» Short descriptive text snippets
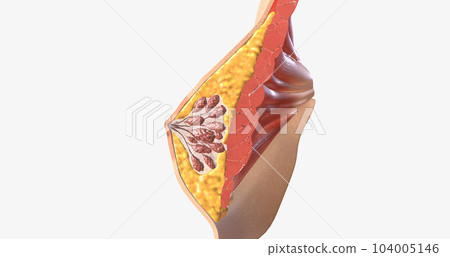 The female breast is composed of specialized glandular tissue, ducts, and fat, with an underlying layer of muscle. The female breast is composed of specialized glandular tissue, ducts, and fat, with an underlying layer of muscle. 104005146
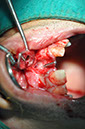 %_tempFileNameImplant%2061b2%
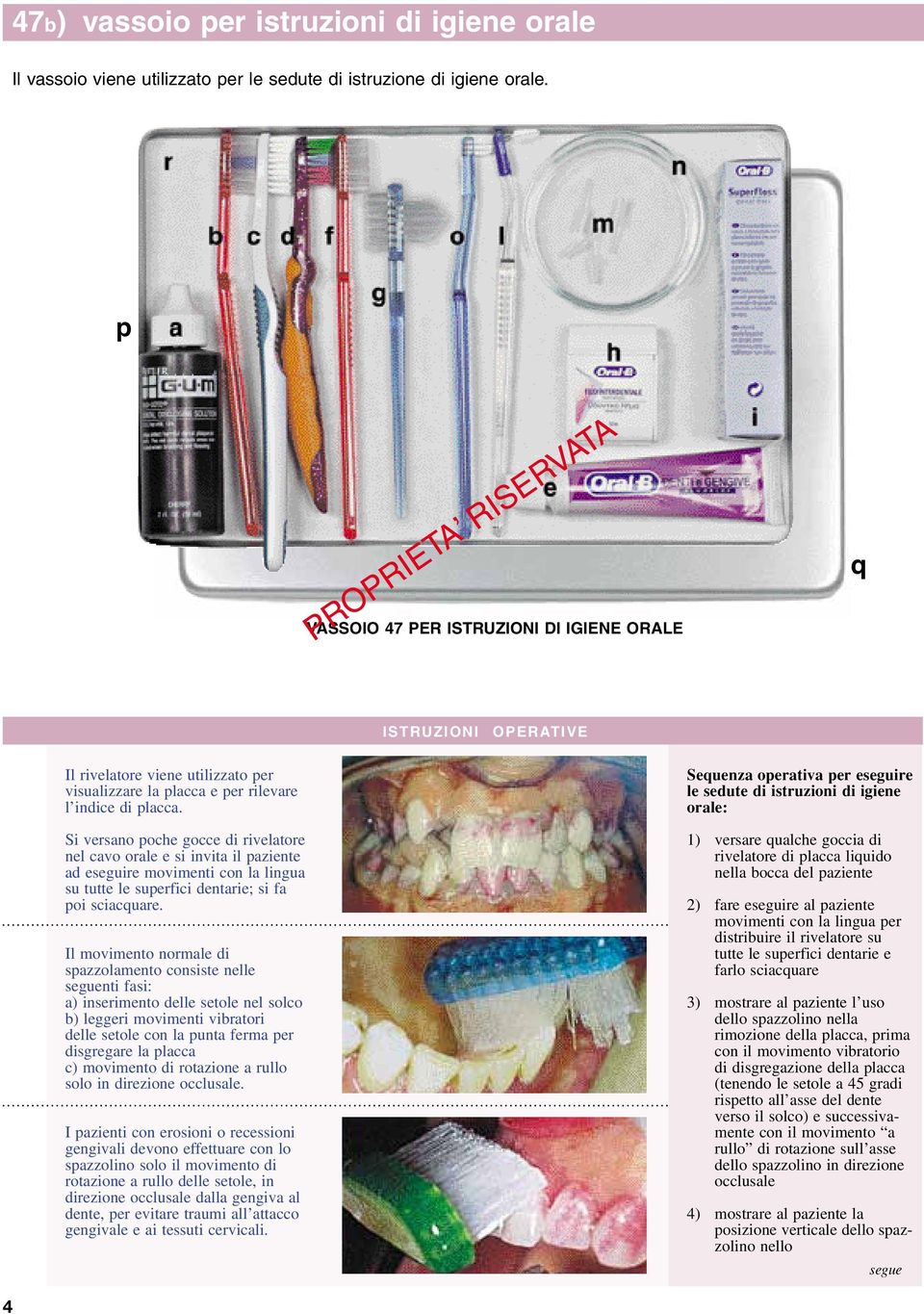 Si versano poche gocce di rivelatore nel cavo orale e si invita il paziente ad eseguire movimenti con la lingua su tutte le superfici dentarie; si fa poi sciacquare.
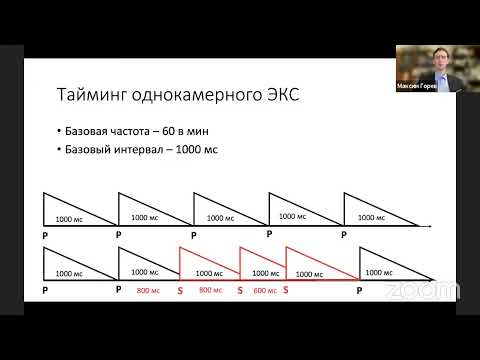 Видео: Пациент после имплантированного ЭКС/СРТ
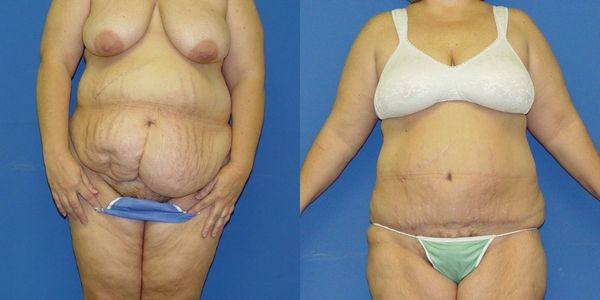 Tummy Tuck Before and After Patient 28 2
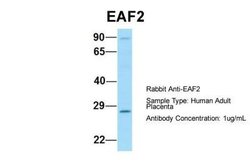 EAF2 Rabbit anti-Human, Polyclonal, Novus Biologicals 0.1 mL | Buy Online | Novus Biologicals | Fisher Scientific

» Assignment
A faithful reproduction of every entry, with no pictures, is the expected answer.

» Response box
 The female breast is composed of specialized glandular tissue, ducts, and fat, with an underlying layer of muscle. The female breast is composed of specialized glandular tissue, ducts, and fat, with an underlying layer of muscle. 104005146
 %_tempFileNameImplant%2061b2%
 Si versano poche gocce di rivelatore nel cavo orale e si invita il paziente ad eseguire movimenti con la lingua su tutte le superfici dentarie; si fa poi sciacquare.
 Видео: Пациент после имплантированного ЭКС/СРТ
 Tummy Tuck Before and After Patient 28 2
 EAF2 Rabbit anti-Human, Polyclonal, Novus Biologicals 0.1 mL | Buy Online | Novus Biologicals | Fisher Scientific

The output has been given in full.